The economic recession has at the most delayed, but not frustrated, a previously initiated development. The role of the short-sea segment in the international ocean transport industry is set to expand in volume and importance. Comparable to the evolution of the air transport industry, larger ports have developed into hubs that can receive liners with a tonnage of 100,000 or more. Distribution to smaller harbours within the range of distribution is left to other modes of transport, primarily the coastal trade network.

Another important development is the shift in global trading, especially the increasing involvement of BRIC nations in it. In China and India, in particular, economic growth has never ceased. Furthermore, these countries are focusing more on regions such as Africa and South America, where the local infrastructure is often lacking, causing a growing demand for suitable forms of transport.
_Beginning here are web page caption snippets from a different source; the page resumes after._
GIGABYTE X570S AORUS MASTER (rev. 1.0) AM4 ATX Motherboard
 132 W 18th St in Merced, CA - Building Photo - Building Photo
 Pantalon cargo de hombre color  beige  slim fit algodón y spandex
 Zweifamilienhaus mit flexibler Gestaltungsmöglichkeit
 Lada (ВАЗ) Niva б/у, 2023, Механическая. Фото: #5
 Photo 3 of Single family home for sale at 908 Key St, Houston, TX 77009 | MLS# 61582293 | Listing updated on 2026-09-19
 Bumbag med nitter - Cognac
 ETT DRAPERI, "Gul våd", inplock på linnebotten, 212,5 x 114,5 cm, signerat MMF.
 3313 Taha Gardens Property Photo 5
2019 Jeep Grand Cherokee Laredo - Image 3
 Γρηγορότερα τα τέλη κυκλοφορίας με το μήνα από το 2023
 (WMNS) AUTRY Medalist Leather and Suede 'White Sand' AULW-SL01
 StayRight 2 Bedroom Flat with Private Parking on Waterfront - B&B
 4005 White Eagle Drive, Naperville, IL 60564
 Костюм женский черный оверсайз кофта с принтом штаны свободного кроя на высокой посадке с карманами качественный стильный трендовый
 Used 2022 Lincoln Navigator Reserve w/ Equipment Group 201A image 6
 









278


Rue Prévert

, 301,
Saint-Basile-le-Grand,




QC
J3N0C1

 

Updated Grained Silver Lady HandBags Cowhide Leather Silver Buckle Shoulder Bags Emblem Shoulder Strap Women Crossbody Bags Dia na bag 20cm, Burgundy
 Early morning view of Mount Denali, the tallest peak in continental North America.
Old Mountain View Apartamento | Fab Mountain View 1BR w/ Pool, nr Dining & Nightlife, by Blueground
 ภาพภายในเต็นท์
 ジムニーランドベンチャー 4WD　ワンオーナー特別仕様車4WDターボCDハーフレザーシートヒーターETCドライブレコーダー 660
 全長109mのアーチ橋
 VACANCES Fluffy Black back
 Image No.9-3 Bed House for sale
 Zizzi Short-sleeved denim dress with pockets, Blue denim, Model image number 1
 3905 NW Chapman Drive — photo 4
These developments are exerting their influence on all cargo types, and on both the spot markets and the regular trading lines. Furthermore, there is a specific demand for suitable tonnage for unusual project cargoes, which is especially evident in the energy sector, and for the transportation of cargoes such as yachts.

Partly driven by the threat of fossil-fuel shortages and the recurrent fears of oil-price rises, almost all the energy producers in the world have prepared ambitious investment plans for the coming years. Sometimes, these relate to the expansion of existing refineries, installations or fields, but usually they target energy production at depths or in areas that were previously viewed as uneconomic. It has been known for many years that the Alaskan oil sands and the northernmost reaches of Canada contain oil, but it is only now that facilities are being built to make its extraction possible. The same applies to gas fields in other inhospitable areas, such as the polar oceans.

It is also clear that the imminent energy transition requires new solutions. A recent study calculated that  €1200 billion will have to be invested in clean energy technology before 2020 in order to satisfy the climate targets set by global governments. The vast majority of this immense sum will be invested in the construction of wind farms and large-scale solar energy installations in remote areas with guaranteed wind and sun respectively. Worldwide, 6,000 wind farms are planned. In Europe alone, windmill power generation capacity will have to grow by a factor of five in the coming ten years if the industry is to satisfy the aims set by the EU, whereby 20 per cent of energy needs must come from sustainable means of production by 2020.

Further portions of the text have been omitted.